Quando mi libero del Petrificus, la battaglia imperversa. Mi getto nel duello, tentando di trarne il massimo vantaggio. Spero solo che il Maestro, frugando nella mia mente in cerca del perché ho permesso ai seguaci di Silente d’intervenire, non venga a conoscenza di quell’infausto, vergognoso segreto. Non servirebbe a nulla dire che non sapevo delle doti di Animagus di Black. Lui non perdona. Lui non ammette l’ignoranza a discolpa.
Sento Bellatrix gridare. Mi giro appena in tempo per vedere il cugino risponderle a tono e cadere scomposto dietro al velo che pende dall’arcata al centro della stanza.
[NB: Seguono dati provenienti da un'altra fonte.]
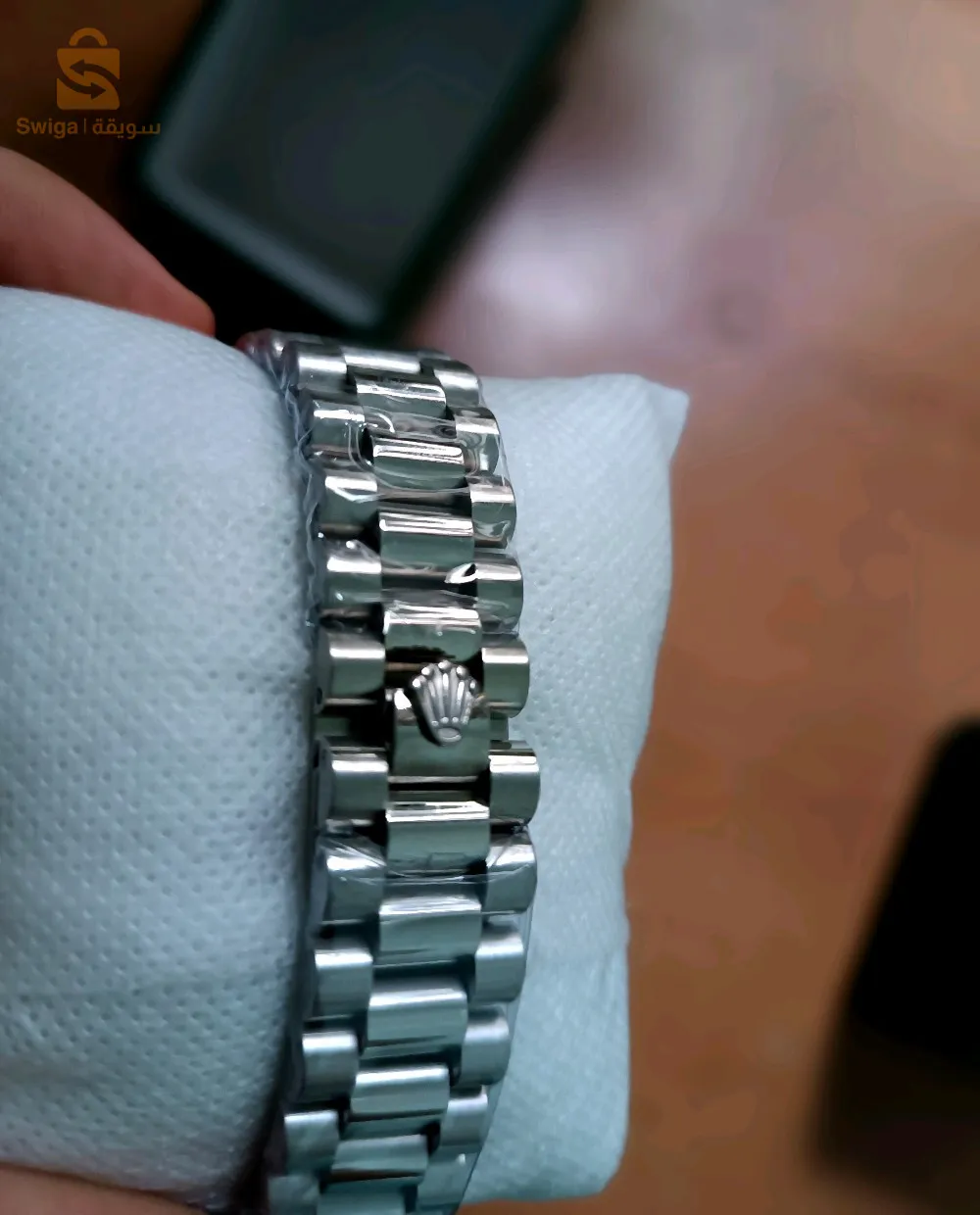 disponible Rolex Noir 🖤✅🔥 b prix kowa ta3 4500 DA ✅ ️‍🔥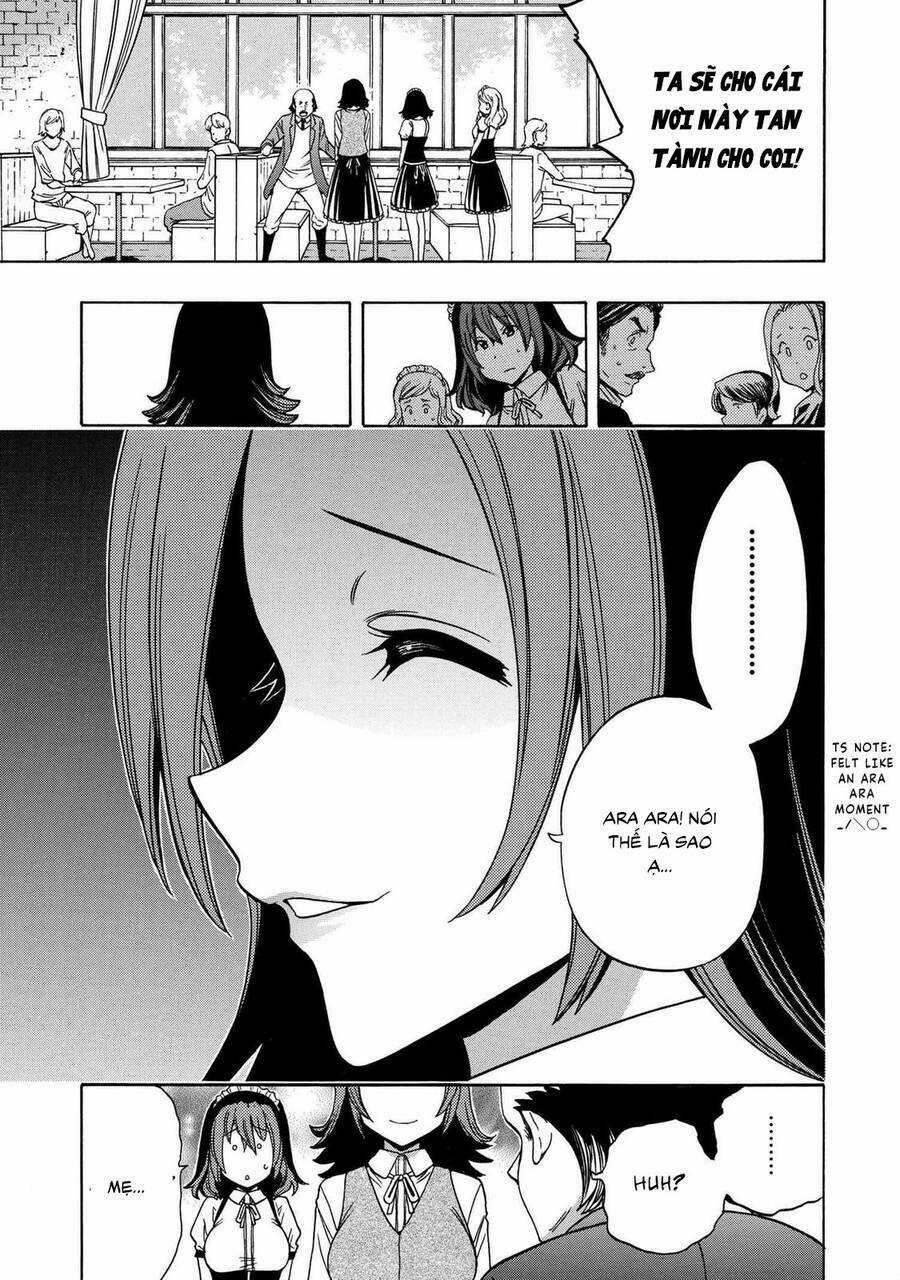 Cháu Trai Của Hiền Nhân Chapter 57.6 trang 12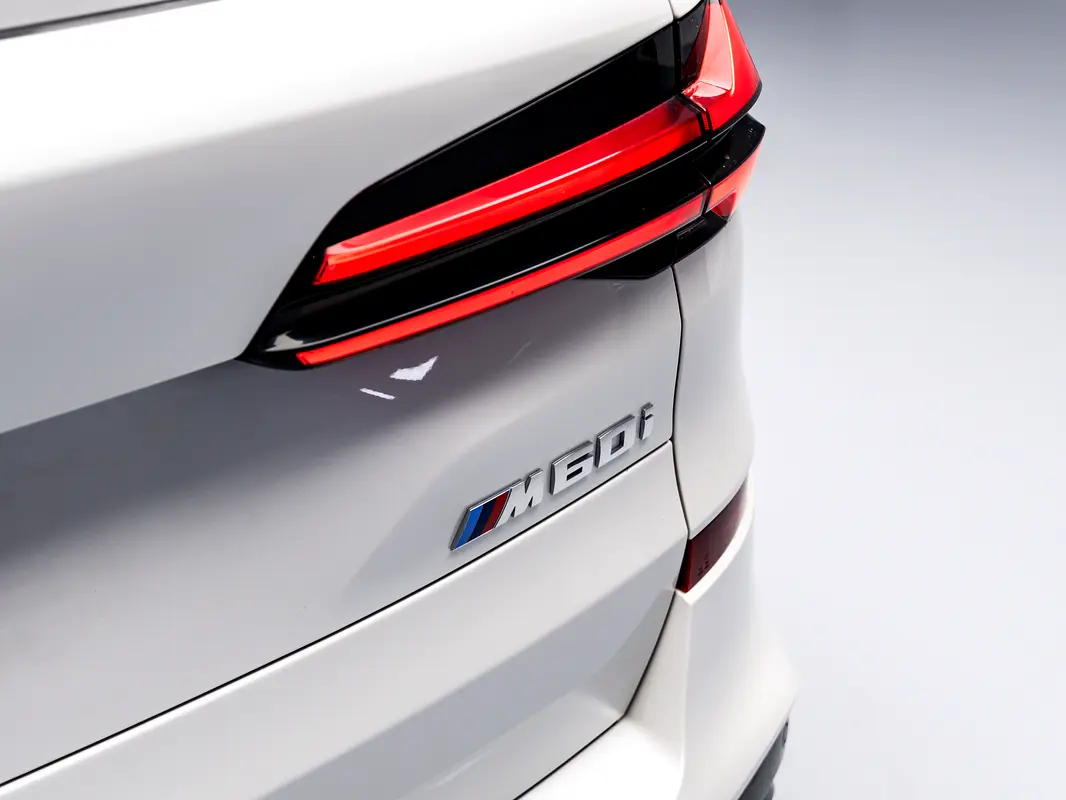BMW X5 2024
Sorrido schivando un attacco.
A che ti è valsa la fuga, Black? Tre anni di vita in più, fuggiasco e calunniato? Costretto a muoverti sotto le mentite spoglie di un animale rognoso e senza la dignità del tuo nome? Tradito e traditore. Disposto a piegare l’onore per una speranza vana. Speranza che si spegnerà tra le dita del Mio Signore. Forse non questa notte, forse non domani, ma presto. Molto presto.
Io vivrò abbastanza da vedere il nostro trionfo. Tu sei morto comunque. Eri morto dentro, ora lo sei definitivamente. Nessuno poteva salvarti, nemmeno le lacrime di quel ragazzo che viene trascinato via a forza. Era il tuo destino, l’hai solo procrastinato affondando le zanne in un amaro boccone di tempo. Hai scalciato e ringhiato cercando d’intimidire la Nera Dama, ma a lei piace giocare, farsi beffe di chi si crede eroe. Credevi di esserlo? Che il tuo nome avrebbe preso a splendere come la tua stella? Io sono un eroe. Noi Mangiamorte siamo eroi, noi che compiamo scelte difficili, sobbarcandoci di gravosi sacrifici in nome di un  ideale. Noi che non guardiamo in faccia a nessuno.
Tanto valeva per te morire colpevole ad Azkaban.